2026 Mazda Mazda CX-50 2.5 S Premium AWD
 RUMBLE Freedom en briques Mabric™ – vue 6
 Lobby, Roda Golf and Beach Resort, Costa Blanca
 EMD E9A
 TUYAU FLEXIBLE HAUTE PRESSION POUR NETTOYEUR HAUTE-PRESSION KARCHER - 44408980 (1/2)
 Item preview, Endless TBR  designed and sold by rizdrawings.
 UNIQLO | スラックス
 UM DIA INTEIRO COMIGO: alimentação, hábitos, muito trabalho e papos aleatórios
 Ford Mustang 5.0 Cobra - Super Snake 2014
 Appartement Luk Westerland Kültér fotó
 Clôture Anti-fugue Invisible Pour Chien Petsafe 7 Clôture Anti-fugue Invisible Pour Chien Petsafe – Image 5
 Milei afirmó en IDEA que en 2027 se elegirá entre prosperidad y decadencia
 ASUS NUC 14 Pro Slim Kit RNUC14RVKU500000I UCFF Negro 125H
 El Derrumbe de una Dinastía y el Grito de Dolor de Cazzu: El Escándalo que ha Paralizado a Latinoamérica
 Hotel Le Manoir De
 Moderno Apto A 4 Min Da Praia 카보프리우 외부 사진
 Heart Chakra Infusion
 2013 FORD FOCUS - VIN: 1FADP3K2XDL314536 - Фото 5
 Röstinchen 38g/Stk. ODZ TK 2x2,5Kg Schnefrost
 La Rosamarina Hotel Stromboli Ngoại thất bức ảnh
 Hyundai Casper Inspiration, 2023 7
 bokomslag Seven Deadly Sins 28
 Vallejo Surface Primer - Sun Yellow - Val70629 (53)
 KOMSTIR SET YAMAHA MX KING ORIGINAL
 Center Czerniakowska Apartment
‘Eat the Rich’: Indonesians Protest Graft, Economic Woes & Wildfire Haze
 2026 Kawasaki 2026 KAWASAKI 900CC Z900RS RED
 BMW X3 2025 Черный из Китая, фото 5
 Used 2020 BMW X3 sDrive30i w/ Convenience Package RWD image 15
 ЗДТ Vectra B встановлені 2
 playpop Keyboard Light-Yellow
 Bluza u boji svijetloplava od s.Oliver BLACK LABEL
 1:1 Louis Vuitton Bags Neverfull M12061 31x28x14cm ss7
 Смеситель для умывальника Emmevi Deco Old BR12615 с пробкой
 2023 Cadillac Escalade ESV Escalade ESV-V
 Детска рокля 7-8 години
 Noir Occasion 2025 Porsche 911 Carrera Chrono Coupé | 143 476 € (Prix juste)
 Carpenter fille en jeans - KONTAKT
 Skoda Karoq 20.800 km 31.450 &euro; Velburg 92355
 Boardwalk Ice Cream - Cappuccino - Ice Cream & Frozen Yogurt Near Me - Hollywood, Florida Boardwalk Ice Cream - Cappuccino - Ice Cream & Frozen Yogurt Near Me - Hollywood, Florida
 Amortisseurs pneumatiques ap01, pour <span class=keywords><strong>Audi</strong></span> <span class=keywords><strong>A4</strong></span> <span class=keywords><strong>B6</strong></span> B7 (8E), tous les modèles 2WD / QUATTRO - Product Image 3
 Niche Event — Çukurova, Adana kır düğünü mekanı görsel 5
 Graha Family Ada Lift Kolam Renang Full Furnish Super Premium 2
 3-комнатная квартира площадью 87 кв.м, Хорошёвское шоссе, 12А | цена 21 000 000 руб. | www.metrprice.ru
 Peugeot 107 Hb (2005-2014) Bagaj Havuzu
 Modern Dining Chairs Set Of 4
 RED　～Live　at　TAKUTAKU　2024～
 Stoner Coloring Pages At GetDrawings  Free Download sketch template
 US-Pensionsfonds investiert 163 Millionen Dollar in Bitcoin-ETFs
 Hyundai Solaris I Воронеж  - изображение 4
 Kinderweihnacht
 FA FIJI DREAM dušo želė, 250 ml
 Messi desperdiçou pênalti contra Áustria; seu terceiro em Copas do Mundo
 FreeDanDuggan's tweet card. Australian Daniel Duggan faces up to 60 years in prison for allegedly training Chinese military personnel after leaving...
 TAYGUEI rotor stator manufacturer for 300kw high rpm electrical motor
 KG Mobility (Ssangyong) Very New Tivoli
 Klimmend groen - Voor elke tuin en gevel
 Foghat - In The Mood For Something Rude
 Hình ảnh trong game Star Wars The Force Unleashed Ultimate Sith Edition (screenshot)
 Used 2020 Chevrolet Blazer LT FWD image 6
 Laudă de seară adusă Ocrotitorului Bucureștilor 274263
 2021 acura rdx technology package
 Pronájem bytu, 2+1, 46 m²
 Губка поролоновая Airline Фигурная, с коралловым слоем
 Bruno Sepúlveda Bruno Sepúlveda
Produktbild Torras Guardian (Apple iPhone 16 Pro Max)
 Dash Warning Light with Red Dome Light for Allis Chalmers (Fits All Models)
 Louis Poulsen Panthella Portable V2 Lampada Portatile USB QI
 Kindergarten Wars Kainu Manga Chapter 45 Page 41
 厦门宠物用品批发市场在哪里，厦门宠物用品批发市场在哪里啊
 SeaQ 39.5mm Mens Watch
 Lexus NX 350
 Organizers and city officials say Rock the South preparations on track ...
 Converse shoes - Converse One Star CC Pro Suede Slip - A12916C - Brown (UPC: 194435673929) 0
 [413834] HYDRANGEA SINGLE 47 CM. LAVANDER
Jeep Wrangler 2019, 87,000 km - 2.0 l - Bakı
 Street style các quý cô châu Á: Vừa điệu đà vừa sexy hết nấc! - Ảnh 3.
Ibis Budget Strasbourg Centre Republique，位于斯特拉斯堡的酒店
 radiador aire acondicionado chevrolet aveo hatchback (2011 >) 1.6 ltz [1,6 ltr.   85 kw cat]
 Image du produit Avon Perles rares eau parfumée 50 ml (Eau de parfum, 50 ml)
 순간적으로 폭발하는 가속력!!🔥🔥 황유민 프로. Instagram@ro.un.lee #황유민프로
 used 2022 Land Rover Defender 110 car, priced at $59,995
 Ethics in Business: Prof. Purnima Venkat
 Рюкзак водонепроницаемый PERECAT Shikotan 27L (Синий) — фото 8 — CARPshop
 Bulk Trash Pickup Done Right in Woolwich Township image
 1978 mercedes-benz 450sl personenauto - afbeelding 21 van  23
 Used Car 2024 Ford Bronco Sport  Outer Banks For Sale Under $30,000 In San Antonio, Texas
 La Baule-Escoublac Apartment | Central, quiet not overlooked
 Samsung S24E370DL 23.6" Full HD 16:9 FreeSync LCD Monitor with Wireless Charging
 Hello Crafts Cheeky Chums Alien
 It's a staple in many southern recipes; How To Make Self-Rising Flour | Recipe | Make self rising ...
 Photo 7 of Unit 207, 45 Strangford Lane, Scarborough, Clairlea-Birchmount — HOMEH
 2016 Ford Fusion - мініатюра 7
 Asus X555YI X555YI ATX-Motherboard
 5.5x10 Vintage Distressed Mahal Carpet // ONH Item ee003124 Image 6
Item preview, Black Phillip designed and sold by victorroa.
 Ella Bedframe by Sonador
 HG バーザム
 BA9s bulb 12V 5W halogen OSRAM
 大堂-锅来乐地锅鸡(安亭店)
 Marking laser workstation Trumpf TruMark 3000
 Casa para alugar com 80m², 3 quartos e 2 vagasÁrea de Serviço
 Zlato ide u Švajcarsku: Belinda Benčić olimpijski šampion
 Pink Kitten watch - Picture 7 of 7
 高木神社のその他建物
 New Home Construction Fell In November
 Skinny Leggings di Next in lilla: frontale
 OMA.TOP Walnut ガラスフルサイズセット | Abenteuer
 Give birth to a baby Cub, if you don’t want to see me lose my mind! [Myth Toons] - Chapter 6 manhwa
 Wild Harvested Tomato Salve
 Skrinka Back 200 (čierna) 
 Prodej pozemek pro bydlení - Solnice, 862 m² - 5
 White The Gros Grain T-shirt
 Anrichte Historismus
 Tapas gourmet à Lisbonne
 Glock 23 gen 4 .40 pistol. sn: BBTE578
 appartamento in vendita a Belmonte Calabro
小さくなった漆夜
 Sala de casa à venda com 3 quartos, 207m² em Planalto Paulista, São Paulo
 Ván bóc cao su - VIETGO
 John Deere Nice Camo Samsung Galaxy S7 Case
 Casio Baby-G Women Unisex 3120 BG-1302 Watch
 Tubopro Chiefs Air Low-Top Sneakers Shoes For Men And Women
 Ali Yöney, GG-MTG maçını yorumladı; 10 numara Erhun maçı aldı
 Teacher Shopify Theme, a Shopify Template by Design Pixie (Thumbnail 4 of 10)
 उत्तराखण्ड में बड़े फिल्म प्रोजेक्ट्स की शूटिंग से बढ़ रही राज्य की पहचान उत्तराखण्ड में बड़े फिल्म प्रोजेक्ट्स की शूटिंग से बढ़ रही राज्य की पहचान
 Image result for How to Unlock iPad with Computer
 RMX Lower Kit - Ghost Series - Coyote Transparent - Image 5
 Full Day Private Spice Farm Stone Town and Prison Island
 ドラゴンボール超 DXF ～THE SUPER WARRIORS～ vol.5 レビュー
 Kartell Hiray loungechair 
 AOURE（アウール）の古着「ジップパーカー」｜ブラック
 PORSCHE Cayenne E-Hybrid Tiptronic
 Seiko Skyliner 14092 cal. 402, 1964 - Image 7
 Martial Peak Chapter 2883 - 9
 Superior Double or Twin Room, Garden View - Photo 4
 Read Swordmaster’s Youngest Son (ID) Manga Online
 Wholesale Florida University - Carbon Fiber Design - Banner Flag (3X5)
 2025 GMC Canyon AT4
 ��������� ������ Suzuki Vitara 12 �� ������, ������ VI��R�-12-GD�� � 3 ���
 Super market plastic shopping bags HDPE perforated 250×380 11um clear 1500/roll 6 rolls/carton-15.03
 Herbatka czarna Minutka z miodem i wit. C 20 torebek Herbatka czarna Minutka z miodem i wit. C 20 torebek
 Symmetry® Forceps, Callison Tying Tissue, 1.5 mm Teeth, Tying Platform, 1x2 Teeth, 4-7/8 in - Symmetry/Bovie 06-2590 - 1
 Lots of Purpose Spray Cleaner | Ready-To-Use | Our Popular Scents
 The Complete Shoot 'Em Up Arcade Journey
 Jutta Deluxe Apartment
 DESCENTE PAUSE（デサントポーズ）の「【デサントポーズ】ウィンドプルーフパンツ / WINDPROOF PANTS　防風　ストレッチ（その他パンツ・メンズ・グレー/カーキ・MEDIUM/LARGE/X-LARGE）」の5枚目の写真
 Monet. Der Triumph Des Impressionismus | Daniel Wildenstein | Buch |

═══

## WHAT YOU SHOULD DO
Read through the records above and copy the lines that contain "preview".

## SOLUTION TO THIS EXERCISE
 Item preview, Endless TBR  designed and sold by rizdrawings.
Item preview, Black Phillip designed and sold by victorroa.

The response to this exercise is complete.